Subclass DataSource in a new header/source pair under src/source/.
open() — grab your hardware/file handle; return false on failure.
next() — read one sample, shape it into a flat row-major array, and wrap it as { "<input_name>": { "shape": [...], "data": [...], "dtype": "..." } }. Match the names and dtypes that mads-onnx-inspect reports.
close() — release everything; must be safe even if open() failed.
Wire it into the loop. In a copy of onnx_source.cpp, replace the std::make_unique<Onnx::CameraSource>(...) construction with your source. The agent loop already calls next() → run_inference() → publish() on a timer; you’re swapping the front end only.
Add it to CMake in src/source/CMakeLists.txt and (if it has no OpenCV dependency) consider dropping the HAVE_OPENCV guard so it builds without OpenCV.

Case 3 — a different output task (replace post-processing)

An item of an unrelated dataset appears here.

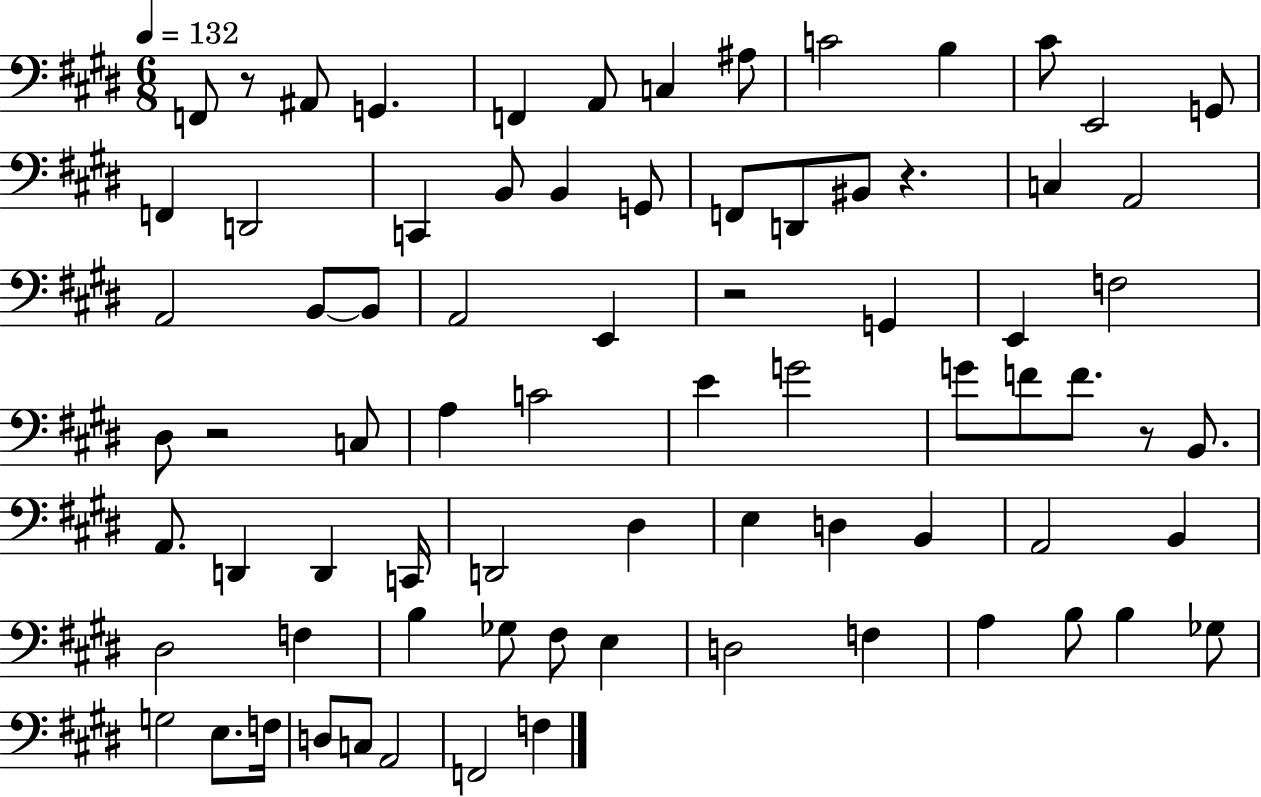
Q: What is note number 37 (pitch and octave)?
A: G4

If the model doesn’t emit class logits — say it does detection, segmentation, regression, or forecasting — the softmax/top-k step in Classify no longer applies. Replace the post-processing:

The raw model output is already available in the loop as a JSON tensor map (run_inference() returns {output_name: {shape,data,dtype}}).
Drop the call to Onnx::classify(...) and substitute your own transform: read the output tensor(s) you care about, derive whatever payload makes sense (boxes, masks, a scalar, a forecast), and agent.publish(...) it.
If the post-processing is reusable, mirror the Classify module’s shape — a small free function in src/source/ with a clean header — rather than inlining it in main.

When the source is really a filter

If your new task is “transform tensors that are already on the bus” rather than “originate a stream from hardware”, you almost certainly want the filter path (Case: trivial) instead of forking the source. Only reach for the source agent when the data genuinely starts outside MADS.

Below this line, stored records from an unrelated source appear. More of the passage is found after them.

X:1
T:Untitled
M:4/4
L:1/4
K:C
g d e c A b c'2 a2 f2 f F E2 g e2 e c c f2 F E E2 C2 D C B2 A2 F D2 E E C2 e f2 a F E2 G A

Public API quick reference

Everything lives in namespace Onnx, headers under src/, all Doxygen-documented:

Symbol	Header	Purpose
`OnnxModel`	`onnx/OnnxModel.hpp`	RAII model wrapper: load, inspect, `run()`
`SessionConfig`	`onnx/OnnxModel.hpp`	EP + thread settings; graceful CPU fallback
`TensorInfo`	`onnx/OnnxModel.hpp`	Tensor name / shape / dtype metadata
`json_to_tensor()`	`onnx/TensorJson.hpp`	JSON tensor object → `Ort::Value`
`tensor_to_json()`	`onnx/TensorJson.hpp`	`Ort::Value` → JSON tensor object
`make_input_schema()`	`onnx/TensorJson.hpp`	Generate an example input JSON from a model
`DataSource`	`source/DataSource.hpp`	Pure-virtual data-source interface
`CameraSource`	`source/CameraSource.hpp`	OpenCV webcam reference implementation
`PreprocessConfig`	`source/CameraSource.hpp`	Image preprocessing constants
`classify()` / `top_k_predictions()`	`source/Classify.hpp`	Softmax + top-k post-processing

The onnx/ library has zero MADS dependency — you can reuse OnnxModel and the tensor↔︎JSON helpers in any C++20 project, not just MADS agents.